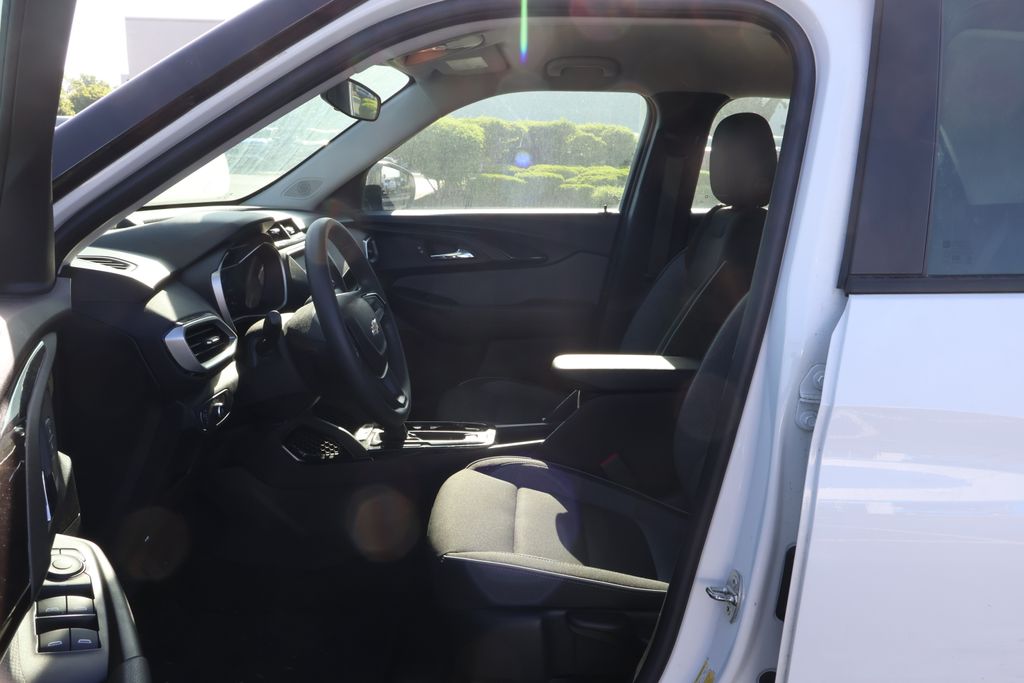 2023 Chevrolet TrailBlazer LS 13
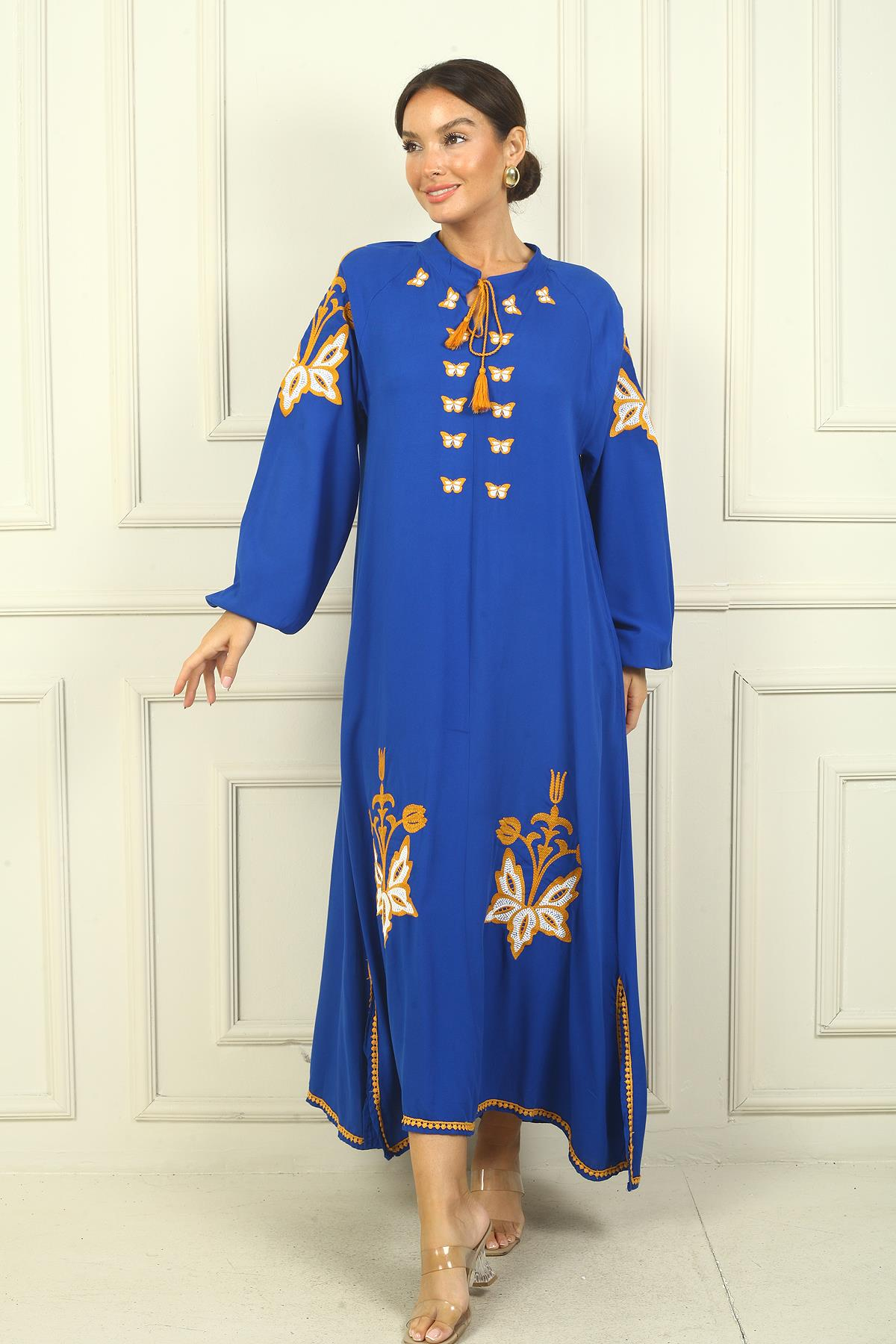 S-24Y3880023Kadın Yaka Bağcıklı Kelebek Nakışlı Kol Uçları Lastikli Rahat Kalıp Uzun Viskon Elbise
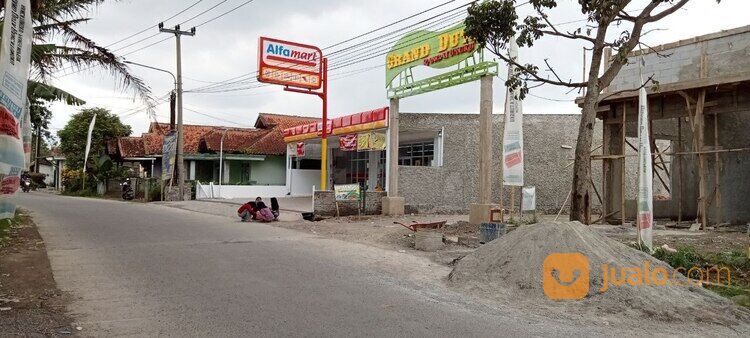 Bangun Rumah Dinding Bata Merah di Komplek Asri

________________________________________

Goal of the exercise =>
Write out the whole listing verbatim, images excluded.

Solved exercise =>
 2023 Chevrolet TrailBlazer LS 13
 S-24Y3880023Kadın Yaka Bağcıklı Kelebek Nakışlı Kol Uçları Lastikli Rahat Kalıp Uzun Viskon Elbise
 Bangun Rumah Dinding Bata Merah di Komplek Asri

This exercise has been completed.